**What is required:** The material below includes pictures; leave them out and return only the lines between the line containing "Nouvelles - Chaussure" and the line containing "Release the Creativity", inclusive, word for word.

**Dataset excerpts:**
-- -- --
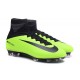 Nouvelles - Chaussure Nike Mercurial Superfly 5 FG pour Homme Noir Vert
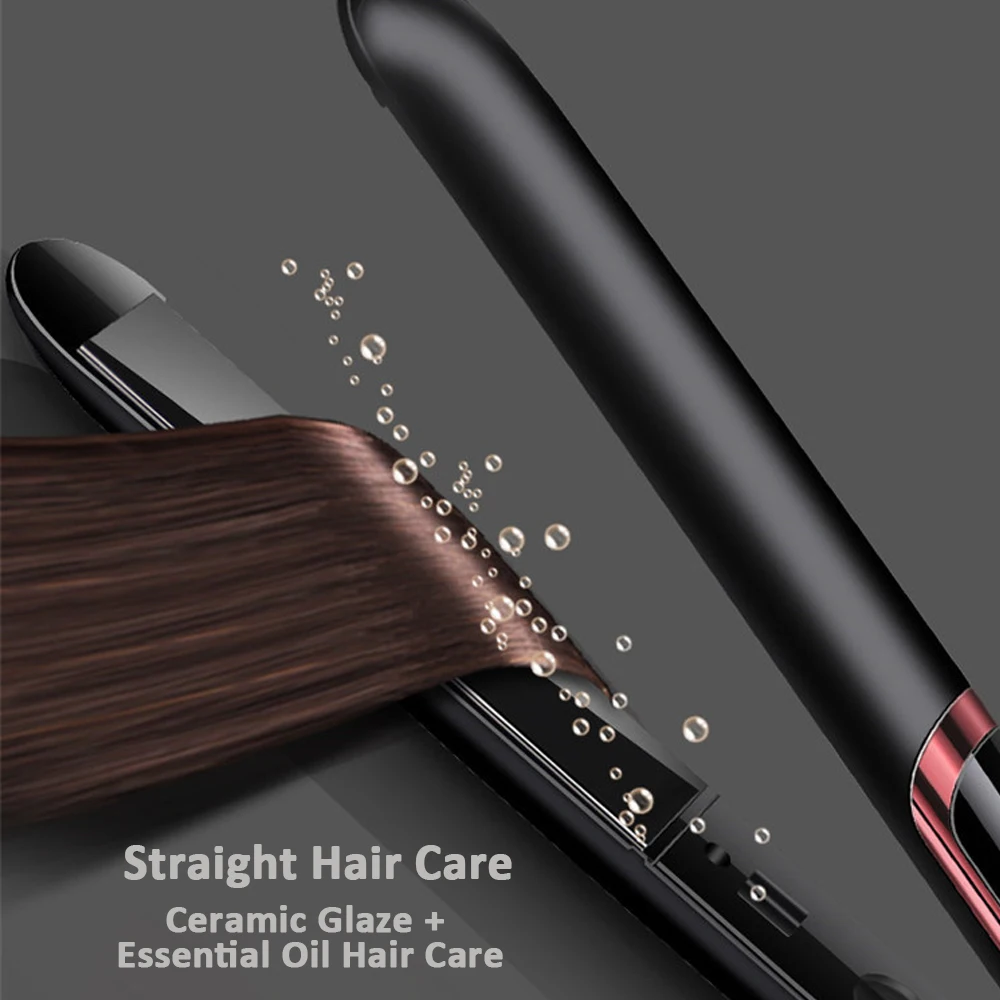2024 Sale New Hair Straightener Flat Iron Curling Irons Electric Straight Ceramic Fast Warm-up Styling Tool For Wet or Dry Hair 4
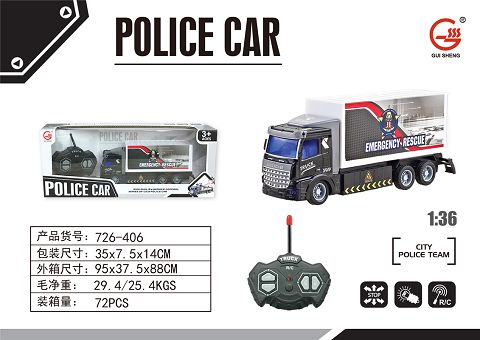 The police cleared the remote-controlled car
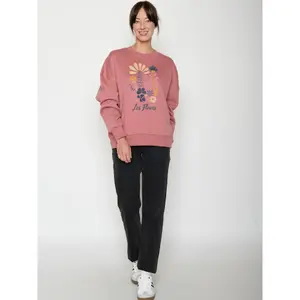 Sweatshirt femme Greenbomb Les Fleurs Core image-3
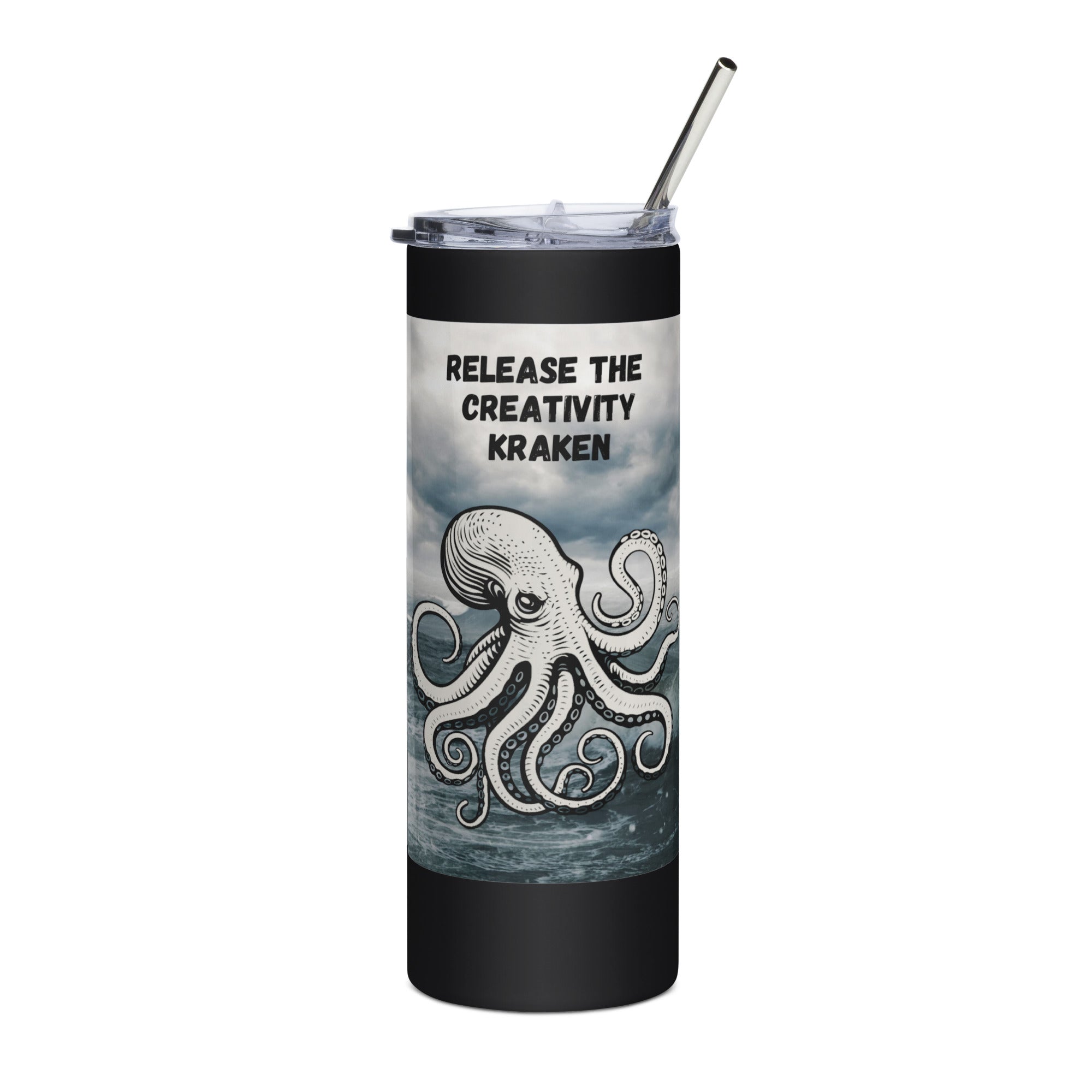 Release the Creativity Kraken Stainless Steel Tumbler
-- -- --
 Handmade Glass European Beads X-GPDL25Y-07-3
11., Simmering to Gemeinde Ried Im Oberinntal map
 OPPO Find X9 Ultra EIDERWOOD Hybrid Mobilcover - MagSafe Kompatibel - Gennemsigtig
-- -- --
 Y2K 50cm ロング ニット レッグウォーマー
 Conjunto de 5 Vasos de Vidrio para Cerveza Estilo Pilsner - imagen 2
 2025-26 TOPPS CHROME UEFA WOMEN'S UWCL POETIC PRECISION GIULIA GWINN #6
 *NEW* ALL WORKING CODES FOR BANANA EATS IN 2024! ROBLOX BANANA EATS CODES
-- -- --
**Answer to the problem:**
 Nouvelles - Chaussure Nike Mercurial Superfly 5 FG pour Homme Noir Vert
2024 Sale New Hair Straightener Flat Iron Curling Irons Electric Straight Ceramic Fast Warm-up Styling Tool For Wet or Dry Hair 4
 The police cleared the remote-controlled car
 Sweatshirt femme Greenbomb Les Fleurs Core image-3
 Release the Creativity Kraken Stainless Steel Tumbler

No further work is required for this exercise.